What to work on
Give back exactly the lines of the material below, starting with the line with "Donut Dog Bed" and going on through the line with "Meja blackjack di".
------ Provided information ------
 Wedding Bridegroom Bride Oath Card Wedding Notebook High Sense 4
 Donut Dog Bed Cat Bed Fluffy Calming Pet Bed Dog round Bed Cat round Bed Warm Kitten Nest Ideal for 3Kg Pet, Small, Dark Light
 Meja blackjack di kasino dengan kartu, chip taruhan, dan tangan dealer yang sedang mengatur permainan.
------
------ Provided information ------
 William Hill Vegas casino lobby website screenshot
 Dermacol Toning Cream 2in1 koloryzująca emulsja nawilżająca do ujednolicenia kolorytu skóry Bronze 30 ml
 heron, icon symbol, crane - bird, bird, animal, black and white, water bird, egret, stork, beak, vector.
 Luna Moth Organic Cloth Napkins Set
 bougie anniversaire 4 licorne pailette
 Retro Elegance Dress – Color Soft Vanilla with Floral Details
------
Expected answer
 Donut Dog Bed Cat Bed Fluffy Calming Pet Bed Dog round Bed Cat round Bed Warm Kitten Nest Ideal for 3Kg Pet, Small, Dark Light
 Meja blackjack di kasino dengan kartu, chip taruhan, dan tangan dealer yang sedang mengatur permainan.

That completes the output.